MATERIAL SHOWN —
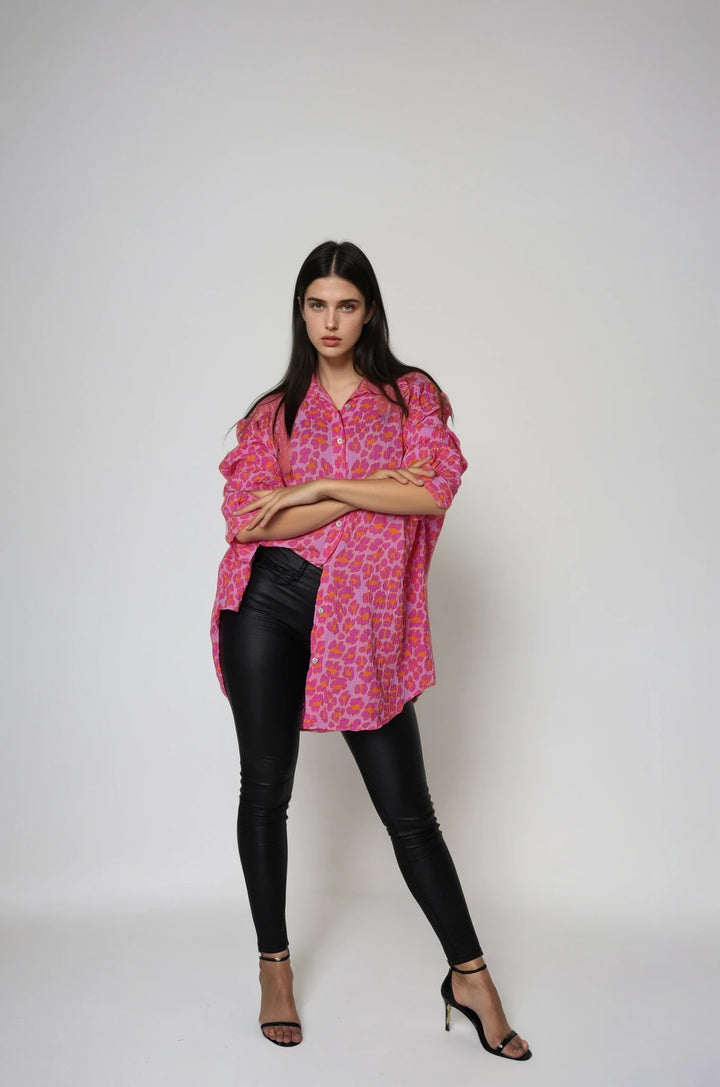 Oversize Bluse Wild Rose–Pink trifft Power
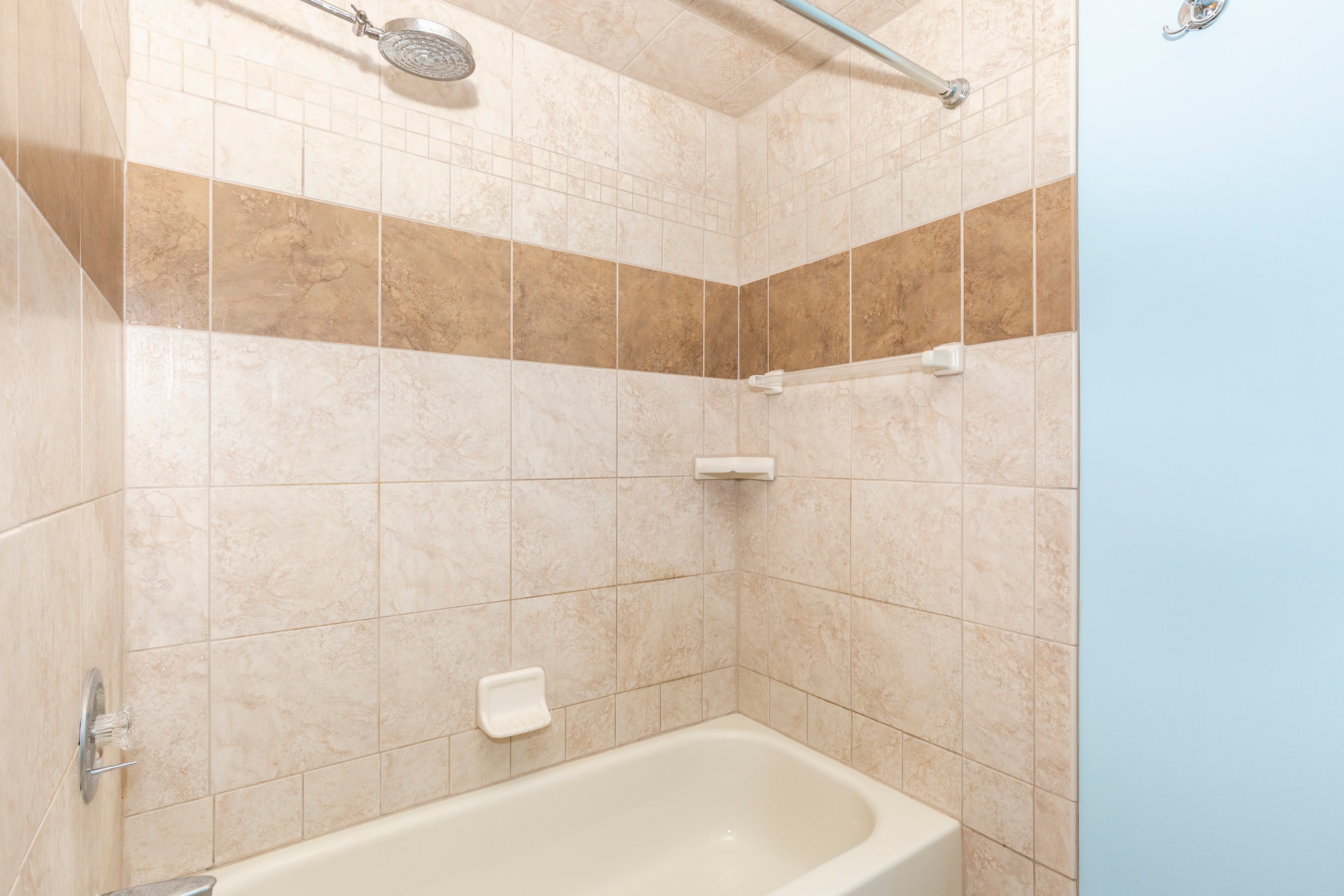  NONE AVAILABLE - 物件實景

---

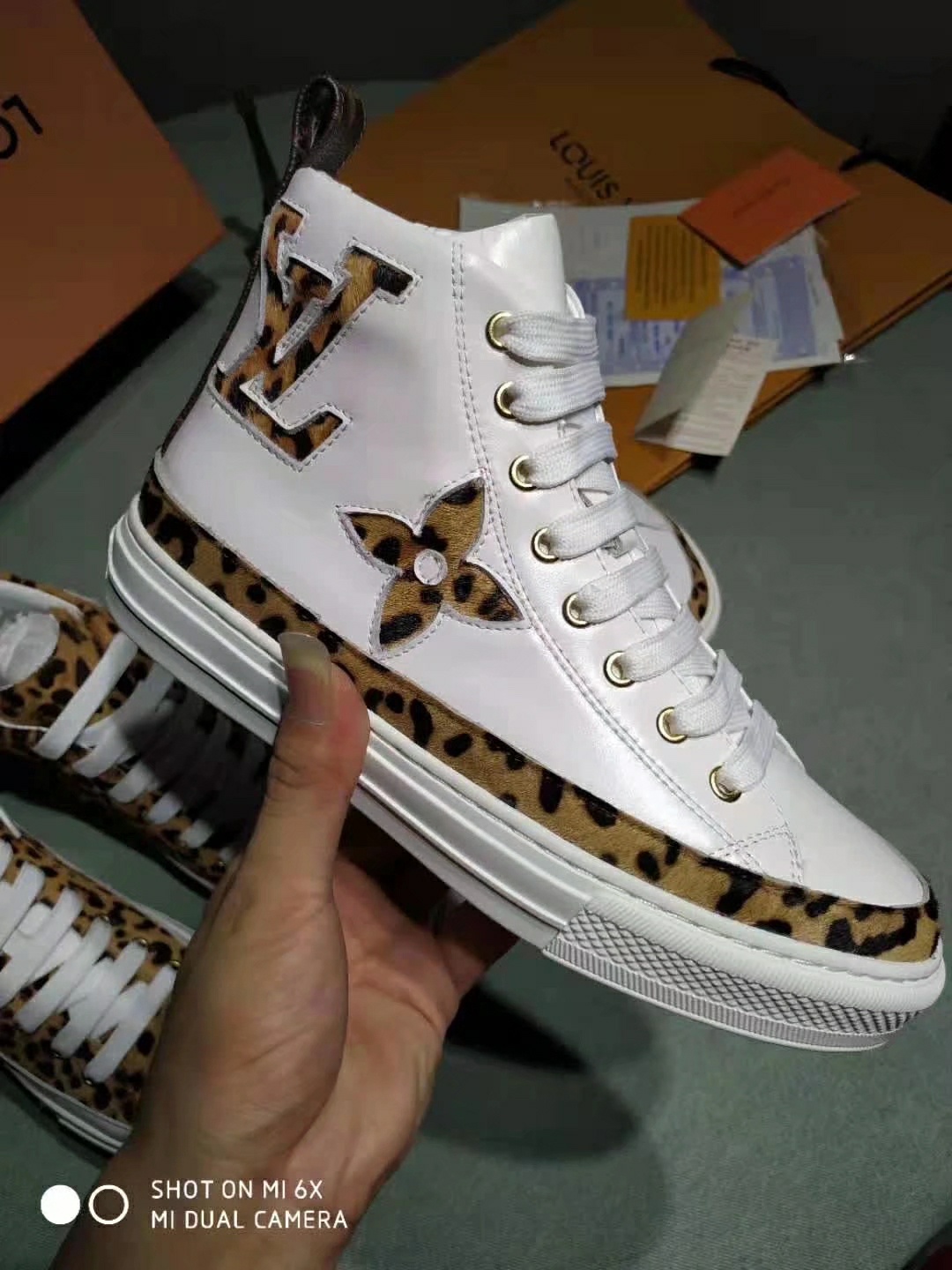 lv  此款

--

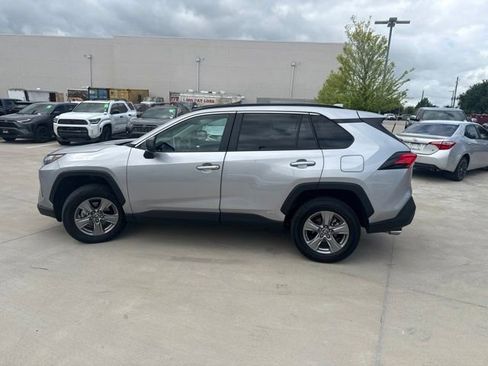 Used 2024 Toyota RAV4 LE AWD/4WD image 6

TASK DIRECTIONS —
All that should appear in the answer is the lines above from the line with "Oversize Bluse Wild Rose–Pink trifft Power" through the line with "NONE AVAILABLE - 物件實景", retyped exactly, pictures left out.

RESULT BELOW —
 Oversize Bluse Wild Rose–Pink trifft Power
  NONE AVAILABLE - 物件實景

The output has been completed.